Teams don’t do this on the road, especially with this year’s manic and wearying schedule, but it probably ought to be noted that the NBA is filled with an uncommon number of godawful teams. The Bulls went one road stretch beating the Bobcats by 29, the Hornets by 23, the Nets by 19 and the Bucks by 23, too.
Still, Miami would like the playoffs to start right now, with this kind of health and confidence. The regular season is an irrelevant waste, little more than an opportunity for one of Miami’s key players to get injured before it actually matters. In terms of perception, this Heat team finds itself in the same position as LeBron: The successes in the regular season aren’t proof of strength to anyone, but the failures will be viewed as evidence of weakness to everyone. No-win until you really win, in other words.
Miami is 4-1 in games decided by five or fewer points this season, but you watch the storm that gathers if the Heat loses a close game late.
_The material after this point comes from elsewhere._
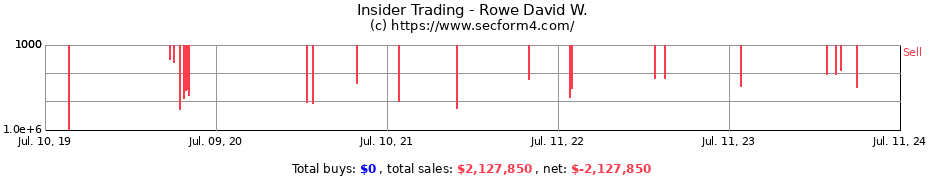 Insider Trading Transactions for Rowe David W.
The last week of blowouts don’t mean anything, unless of course one of those games had been a late loss, at which point that would have morphed into an echoing evidence of something.
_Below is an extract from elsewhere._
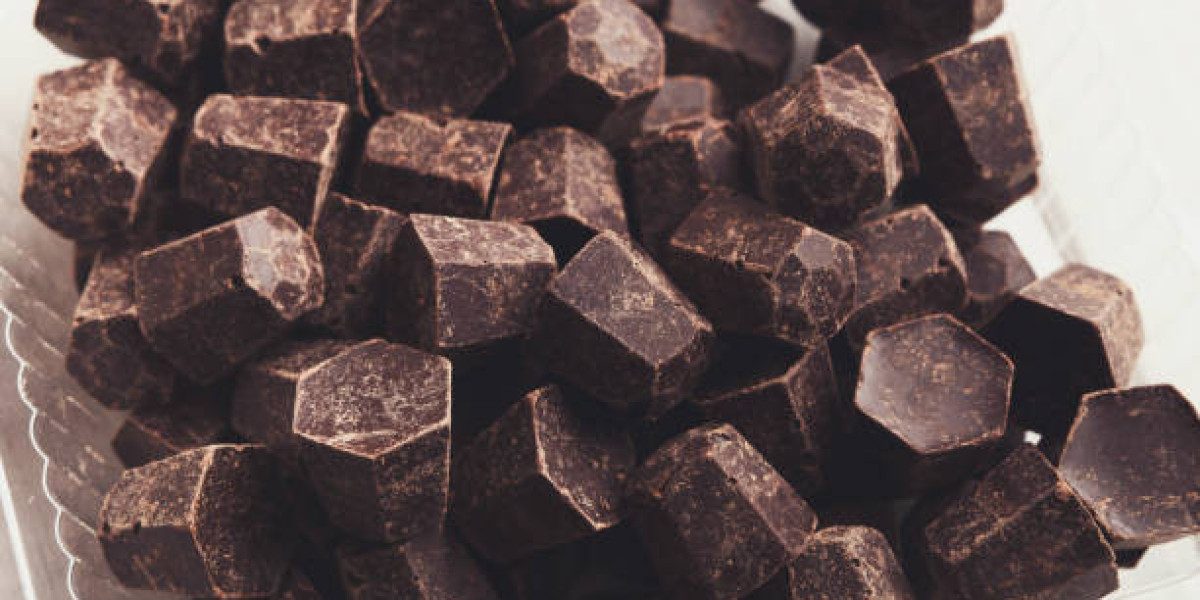 Real and Compound Chocolate Market Insights, SWOT Analysis by Size and Growth Opportunities Forecast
This is where LeBron lives now. If he makes a buzzer-beater, people will demand that he do it in the playoffs. If he does it early in the playoffs, people will demand that he do it in The Finals. If he does it in The Finals, people will demand it in Game 7. And that’s fair, given his inexplicable meekness at the conclusion of last season. But it means that what we’re witnessing now is 66 expensive exhibitions.
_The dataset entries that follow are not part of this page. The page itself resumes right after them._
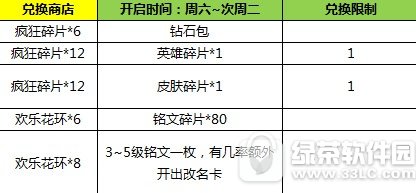 ߘsҫ14ո(ni) s5ِ_̵úöY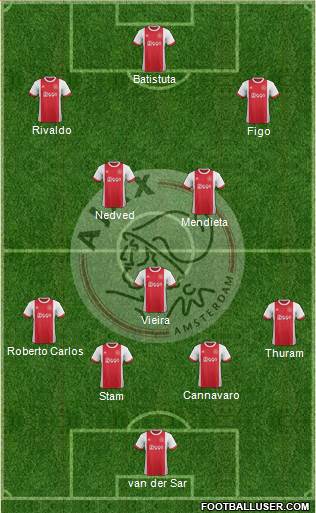 AFC Ajax Formation 2017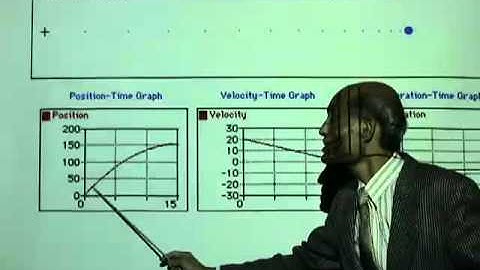 PHY2048 Lesson 1 2b Problem Solving ii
Still, it is encouraging if you care about the Heat. The things we were expecting last season — Miami having so many options that the floor is wide open for shooters — are happening now. Miller is shooting 53.1 percent from three-point range, which is an absurdity. Ray Allen has never done that. Miller is percentage points from having the most efficient season from long range ever (Kyle Korver, 53.6). And Mario Chalmers, one of the league’s most improved players, is shooting 51.8 percent from the field and 47.3 percent from three. Keep in mind, Steve Kerr had the highest career shooting percentage from three ever, and it wasn’t as high (45.4) as what Chalmers is shooting out there now, and Chalmers, while one of the best in the league and invited to the three-point competition at All-Star Weekend, isn’t even the best on his team.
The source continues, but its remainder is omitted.